----- DATASET EXCERPTS
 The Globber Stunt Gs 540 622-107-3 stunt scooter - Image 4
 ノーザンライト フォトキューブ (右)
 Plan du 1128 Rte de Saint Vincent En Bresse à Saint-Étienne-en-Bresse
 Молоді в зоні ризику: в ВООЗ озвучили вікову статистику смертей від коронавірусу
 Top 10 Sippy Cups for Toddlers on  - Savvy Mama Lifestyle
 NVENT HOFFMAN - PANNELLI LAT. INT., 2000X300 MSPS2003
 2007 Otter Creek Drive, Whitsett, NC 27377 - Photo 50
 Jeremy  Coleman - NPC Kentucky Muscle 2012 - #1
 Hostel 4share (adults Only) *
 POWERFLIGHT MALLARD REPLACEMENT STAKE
----------
_EXERCISE OBJECTIVE_
What you return must match the records exactly, down to the last line.

_YOUR SOLUTION_
 The Globber Stunt Gs 540 622-107-3 stunt scooter - Image 4
 ノーザンライト フォトキューブ (右)
 Plan du 1128 Rte de Saint Vincent En Bresse à Saint-Étienne-en-Bresse
 Молоді в зоні ризику: в ВООЗ озвучили вікову статистику смертей від коронавірусу
 Top 10 Sippy Cups for Toddlers on  - Savvy Mama Lifestyle
 NVENT HOFFMAN - PANNELLI LAT. INT., 2000X300 MSPS2003
 2007 Otter Creek Drive, Whitsett, NC 27377 - Photo 50
 Jeremy  Coleman - NPC Kentucky Muscle 2012 - #1
 Hostel 4share (adults Only) *
 POWERFLIGHT MALLARD REPLACEMENT STAKE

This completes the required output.